About my Qt times, and a Qt for Python voice assistant

About my Qt times, and a Qt for Python voice assistant

I spent a short time @Qt, but a fruitful one. I was lucky to work with the great Qt for Python team that made me feel very welcomed. I was also lucky to have had a great mentor, Cristián Maureira-Fredes, that was super supportive and cool to work with.

Besides helping to spread the word about Qt for Python in the Open Source community by going to conferences and events, during my time in Qt I added a few features to the Qt ecosystem to make Qt for Python more visible and interesting to beginners like adding new templates and the example tab in QtCreator, I also wrote a translation tool to convert Qt code for Qt for Python and translate our docs, wrote a tutorial and an example to present at the Qt World Summit 2019: a voice assistant using open source technologies. This blog post will explain a little bit about this example and it's going to show you a thing or two about this it in case you want to experiment with it.


Project overview

The idea of ​​this project is to be a generalist voice assistant who will answer questions for you. If you understand these guidelines roughly, you'll be able to customize this example to serve whatever simple purpose you want.

We have a graphic interface that will allow us to capture voice with a Speech To Text (STT) tool. This tool is going to transcribe user's voice in to text. We then take this text and send it to our NLU component which will extract meaning from this data like intents and entities. This processed text goes in to a Dialogue Manager that will decide which response on its database is more appropriated to give back to the user. Once it has decided, it handles the string to the Text To Speech (TTS) tool that will reproduce the audio to the user and to the GUI that will show it in the screen. Here's what's happening in this software in a more graphic way:


Specifically, we're working with Mozilla DeepSpeech as our STT tool and Mozilla TTS as our TTS tool, Rasa for NLU and Dialogue Management, Qt for Python for the backend and general glue to make all these technologies interact well with each other and QML for the front end interface. The reason why I chose Mozilla and Rasa technologies in the detriment of others is simple, both of these projects have very active open source communities, they're agnostic regarding which OS you're using and they're really malleable allowing you to customize your application with not a lot of effort. Besides that all of these technologies have Python implementations which make them perfect to integrate with Qt for Python. QML is here to make everything looks beautiful and it also integrates very well with Qt for Python.

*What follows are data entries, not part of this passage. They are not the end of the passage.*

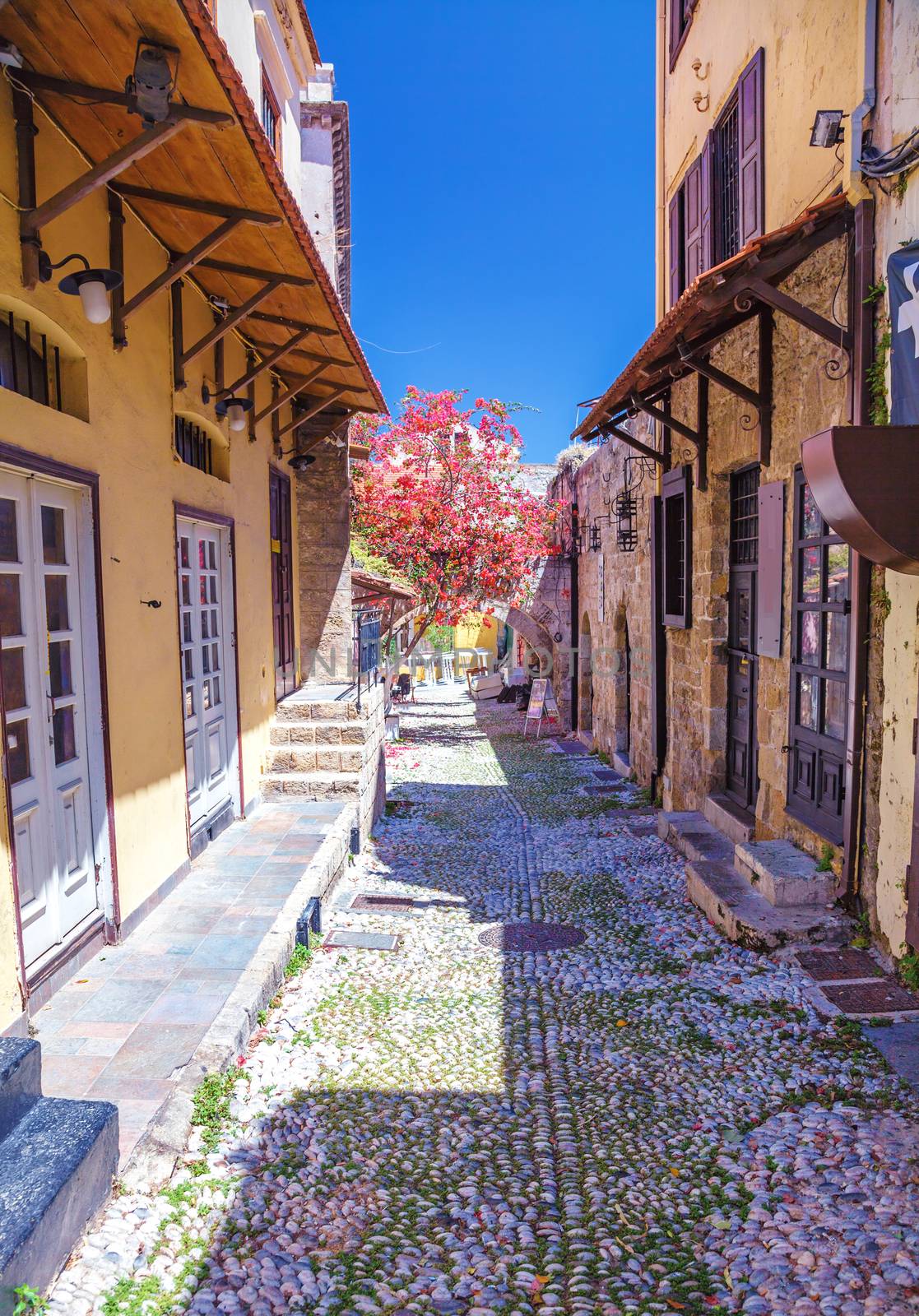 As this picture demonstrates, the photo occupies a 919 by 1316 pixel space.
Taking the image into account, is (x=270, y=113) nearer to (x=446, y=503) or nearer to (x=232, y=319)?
(x=232, y=319)

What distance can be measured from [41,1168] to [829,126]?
19.3 feet

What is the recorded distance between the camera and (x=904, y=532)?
347 cm

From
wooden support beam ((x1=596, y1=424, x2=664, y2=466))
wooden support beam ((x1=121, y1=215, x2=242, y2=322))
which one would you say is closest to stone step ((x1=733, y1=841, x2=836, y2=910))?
wooden support beam ((x1=596, y1=424, x2=664, y2=466))

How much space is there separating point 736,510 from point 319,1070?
18.5 feet

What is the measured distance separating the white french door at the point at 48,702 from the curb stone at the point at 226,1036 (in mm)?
875

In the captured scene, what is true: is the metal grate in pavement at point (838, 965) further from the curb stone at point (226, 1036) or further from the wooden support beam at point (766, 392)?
the wooden support beam at point (766, 392)

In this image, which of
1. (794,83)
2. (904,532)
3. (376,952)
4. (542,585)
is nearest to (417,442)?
(542,585)

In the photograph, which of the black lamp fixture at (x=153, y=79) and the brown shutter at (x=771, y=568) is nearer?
Answer: the black lamp fixture at (x=153, y=79)

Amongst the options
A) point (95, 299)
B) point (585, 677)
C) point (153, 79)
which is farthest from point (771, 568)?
point (585, 677)

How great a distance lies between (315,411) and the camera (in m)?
7.69

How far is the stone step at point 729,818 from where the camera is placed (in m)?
6.53

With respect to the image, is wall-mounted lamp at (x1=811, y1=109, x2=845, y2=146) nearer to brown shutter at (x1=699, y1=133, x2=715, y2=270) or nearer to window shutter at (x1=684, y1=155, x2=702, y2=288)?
brown shutter at (x1=699, y1=133, x2=715, y2=270)

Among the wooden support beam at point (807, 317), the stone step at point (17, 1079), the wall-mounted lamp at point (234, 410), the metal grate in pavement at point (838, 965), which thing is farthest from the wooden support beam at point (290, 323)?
the metal grate in pavement at point (838, 965)

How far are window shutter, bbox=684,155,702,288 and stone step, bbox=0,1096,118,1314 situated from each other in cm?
774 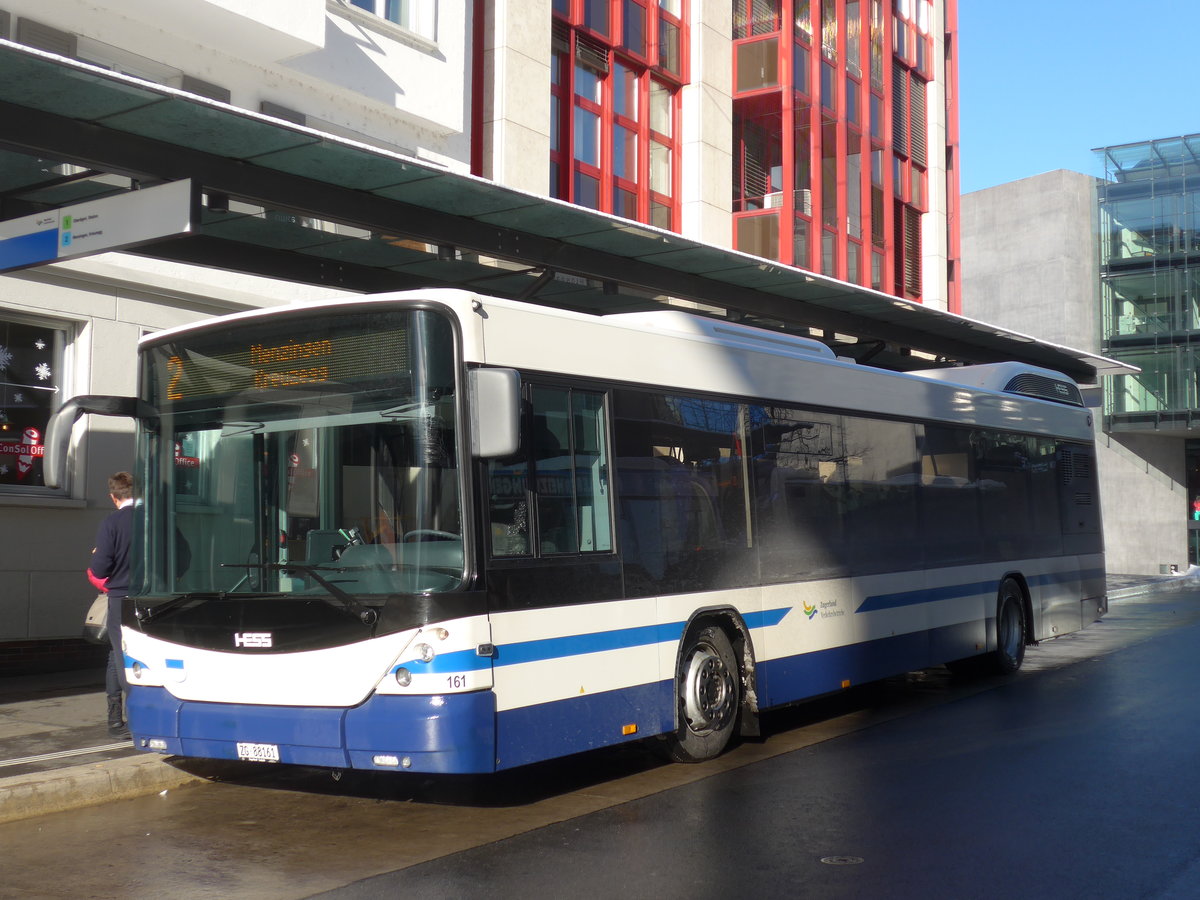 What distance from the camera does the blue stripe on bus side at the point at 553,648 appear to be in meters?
6.95

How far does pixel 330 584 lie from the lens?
23.5 feet

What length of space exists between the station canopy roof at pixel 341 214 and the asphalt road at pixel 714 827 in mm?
3899

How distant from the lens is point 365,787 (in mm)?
8578

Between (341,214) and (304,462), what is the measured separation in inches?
136

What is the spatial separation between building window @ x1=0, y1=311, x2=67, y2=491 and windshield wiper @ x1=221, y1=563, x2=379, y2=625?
759cm

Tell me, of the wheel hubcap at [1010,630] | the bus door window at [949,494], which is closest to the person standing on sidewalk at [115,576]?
the bus door window at [949,494]

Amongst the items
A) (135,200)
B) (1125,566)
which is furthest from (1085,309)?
(135,200)

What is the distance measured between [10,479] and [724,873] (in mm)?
10434

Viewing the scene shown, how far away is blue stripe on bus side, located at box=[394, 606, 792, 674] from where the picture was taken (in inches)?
273

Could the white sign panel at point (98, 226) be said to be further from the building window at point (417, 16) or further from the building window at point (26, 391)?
the building window at point (417, 16)

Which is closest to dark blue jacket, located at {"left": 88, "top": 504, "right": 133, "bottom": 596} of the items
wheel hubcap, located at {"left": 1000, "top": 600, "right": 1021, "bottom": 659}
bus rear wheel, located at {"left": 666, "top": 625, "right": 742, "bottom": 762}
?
bus rear wheel, located at {"left": 666, "top": 625, "right": 742, "bottom": 762}

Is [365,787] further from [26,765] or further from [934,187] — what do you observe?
[934,187]

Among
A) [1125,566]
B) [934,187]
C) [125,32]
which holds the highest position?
[934,187]

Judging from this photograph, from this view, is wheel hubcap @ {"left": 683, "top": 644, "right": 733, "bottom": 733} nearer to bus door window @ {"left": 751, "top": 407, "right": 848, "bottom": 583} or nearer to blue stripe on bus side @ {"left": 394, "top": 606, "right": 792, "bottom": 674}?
blue stripe on bus side @ {"left": 394, "top": 606, "right": 792, "bottom": 674} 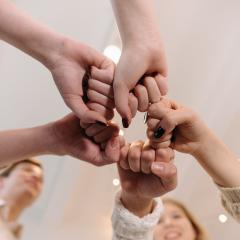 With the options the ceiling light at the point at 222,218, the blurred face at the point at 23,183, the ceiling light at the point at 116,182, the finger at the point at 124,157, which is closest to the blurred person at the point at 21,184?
the blurred face at the point at 23,183

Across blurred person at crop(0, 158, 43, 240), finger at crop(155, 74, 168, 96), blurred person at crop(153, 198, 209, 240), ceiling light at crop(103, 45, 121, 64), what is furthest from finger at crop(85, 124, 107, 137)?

I strongly recommend you to create a virtual environment to reproduce this project, but you're free of course to not do it. It's necessary to have an updated Python version (>= 3.5).

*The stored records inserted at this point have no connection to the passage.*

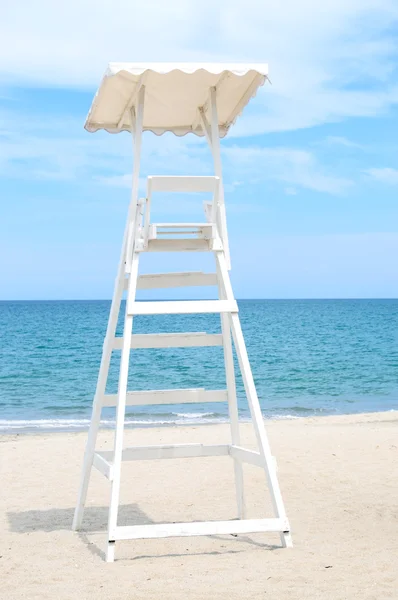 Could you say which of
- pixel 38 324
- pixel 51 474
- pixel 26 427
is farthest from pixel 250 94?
pixel 38 324

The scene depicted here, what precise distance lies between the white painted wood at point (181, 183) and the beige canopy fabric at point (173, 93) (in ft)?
2.50

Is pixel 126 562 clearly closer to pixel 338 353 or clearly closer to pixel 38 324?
pixel 338 353

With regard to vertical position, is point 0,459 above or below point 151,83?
below

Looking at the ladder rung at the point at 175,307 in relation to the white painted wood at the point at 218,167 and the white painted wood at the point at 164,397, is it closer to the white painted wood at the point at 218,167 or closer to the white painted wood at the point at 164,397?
the white painted wood at the point at 218,167

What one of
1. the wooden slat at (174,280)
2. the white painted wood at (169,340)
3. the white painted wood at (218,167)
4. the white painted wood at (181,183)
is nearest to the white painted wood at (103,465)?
the white painted wood at (169,340)

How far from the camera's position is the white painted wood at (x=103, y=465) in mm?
5910

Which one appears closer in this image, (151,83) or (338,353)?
(151,83)

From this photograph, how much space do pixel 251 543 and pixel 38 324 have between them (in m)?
65.2

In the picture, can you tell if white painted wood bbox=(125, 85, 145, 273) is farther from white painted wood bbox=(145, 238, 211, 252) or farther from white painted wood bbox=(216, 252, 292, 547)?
white painted wood bbox=(216, 252, 292, 547)

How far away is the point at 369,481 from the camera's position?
870 cm

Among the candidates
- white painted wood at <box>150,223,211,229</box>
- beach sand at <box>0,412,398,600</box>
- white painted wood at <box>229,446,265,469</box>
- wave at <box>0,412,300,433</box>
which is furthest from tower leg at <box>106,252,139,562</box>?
wave at <box>0,412,300,433</box>

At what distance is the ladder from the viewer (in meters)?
5.75

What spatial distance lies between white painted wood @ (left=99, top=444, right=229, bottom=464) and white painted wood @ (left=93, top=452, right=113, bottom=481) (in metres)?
0.06

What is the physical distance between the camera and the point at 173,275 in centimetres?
671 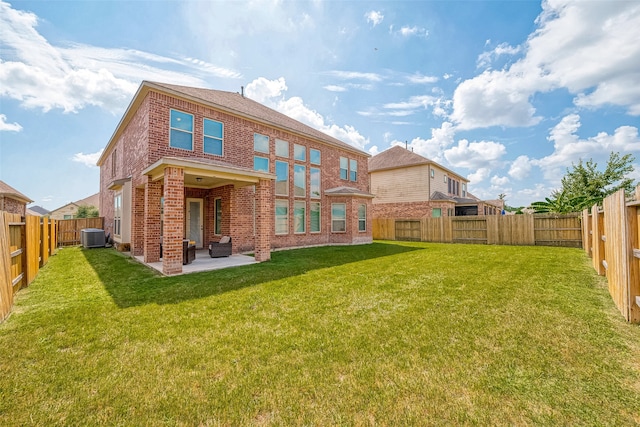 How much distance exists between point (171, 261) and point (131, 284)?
1139 mm

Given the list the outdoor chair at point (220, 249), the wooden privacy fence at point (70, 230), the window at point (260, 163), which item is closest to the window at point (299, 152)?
the window at point (260, 163)

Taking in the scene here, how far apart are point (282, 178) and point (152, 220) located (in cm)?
642

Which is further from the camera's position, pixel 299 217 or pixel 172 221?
pixel 299 217

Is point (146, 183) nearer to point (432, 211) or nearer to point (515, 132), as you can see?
point (432, 211)

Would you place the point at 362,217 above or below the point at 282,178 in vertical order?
below

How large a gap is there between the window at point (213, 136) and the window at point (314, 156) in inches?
214

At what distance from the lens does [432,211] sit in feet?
72.2

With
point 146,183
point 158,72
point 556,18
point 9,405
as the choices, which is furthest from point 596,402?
point 158,72

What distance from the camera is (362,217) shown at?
17.3 metres

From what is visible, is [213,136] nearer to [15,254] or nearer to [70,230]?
[15,254]

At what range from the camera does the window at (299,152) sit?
14295 mm

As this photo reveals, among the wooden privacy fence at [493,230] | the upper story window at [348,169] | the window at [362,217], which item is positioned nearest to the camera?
the wooden privacy fence at [493,230]

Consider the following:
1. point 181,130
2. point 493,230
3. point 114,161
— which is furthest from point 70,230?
point 493,230

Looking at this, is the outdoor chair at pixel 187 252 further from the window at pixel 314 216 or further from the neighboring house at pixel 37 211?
the neighboring house at pixel 37 211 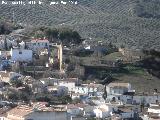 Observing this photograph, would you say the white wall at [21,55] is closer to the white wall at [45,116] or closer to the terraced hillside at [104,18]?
the terraced hillside at [104,18]

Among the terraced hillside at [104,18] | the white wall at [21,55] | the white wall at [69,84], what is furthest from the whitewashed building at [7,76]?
the terraced hillside at [104,18]

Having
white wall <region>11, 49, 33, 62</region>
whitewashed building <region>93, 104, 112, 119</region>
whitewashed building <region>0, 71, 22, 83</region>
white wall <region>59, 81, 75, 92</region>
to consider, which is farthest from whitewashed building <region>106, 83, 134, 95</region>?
white wall <region>11, 49, 33, 62</region>

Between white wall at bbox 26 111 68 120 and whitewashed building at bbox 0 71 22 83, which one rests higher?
whitewashed building at bbox 0 71 22 83

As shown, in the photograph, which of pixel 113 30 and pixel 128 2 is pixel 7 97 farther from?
pixel 128 2

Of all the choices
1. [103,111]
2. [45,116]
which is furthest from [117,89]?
[45,116]

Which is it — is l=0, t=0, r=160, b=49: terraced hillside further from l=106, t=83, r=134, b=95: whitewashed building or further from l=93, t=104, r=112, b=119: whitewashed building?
l=93, t=104, r=112, b=119: whitewashed building

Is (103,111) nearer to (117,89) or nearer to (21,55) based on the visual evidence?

In the following sessions we'll go through each one of the elements that compose the voice assistant. If you're curious to look at the code or want to run this project head over here or access it in you Qt for Python installation, just go in to your Python directory and find the PySide2 directory.

Speech to text component

DeepSpeech offers you the opportunity of processing audio in chunks, allowing you to process it in real time while being recorded and in this case this is the kind of implementation we're using. You can read more about how this works under the hood in this blog post by Reuben Morais.

To add DeepSpeech in your project you'll have to install the project:

pip install deepspeech


You'll also need a trained model to use it. Currently I'm using v0.5.1 and you can download it here (you can also get a newer version in the DeepSpeech repository).

Unzip it inside your project folder and that's all you have to do to have DeepSpeech up and running.


For the NLP part we're using a really simple bot that answers Qt for Python questions related. You will find it in the PySide2 code base under the examples/multimedia-extra/virtual-assistant folder once is merged or you can also download it from here. In both places you can find a complete version of the code, not only the bot implementation.

To install Rasa, our NLP tool:

pip install rasa


Rasa doesn't come with a model, which means you have to train one yourself, but don't worry it's going to be fast! Just get in to your qt-rasa directory and train it with:

cd qt-rasa && rasa train --augmentation 0


If you're interested in getting more details about how Rasa ecosystem works please have a look at Justina Petraityte blog posts, you can begin with this one.

Text to speech component

Now we're going to set up the TTS tool. First you have to download TTS repo and checkout for the branch you want, in this case we're using the branch db7f3d3 and this is the command you can use to get it:

git clone https://github.com/mozilla/TTS.git && cd TTS && git checkout db7f3d3


The next step is going to take a while to finish, but don't worry, it's normal. We're building the whole environment to be able to train our own models and depending on your Python version you'll also be compiling the dependencies.

python setup.py develop


Now we need to download the model related to the branch we are. You can do it here. We'll only need the "config.json" and "best_model.th.tar" files. If you're inside your TTS directory go back one level (to the main directory of your application) and create a directory called tts_model. Put the files you just downloaded inside this directory.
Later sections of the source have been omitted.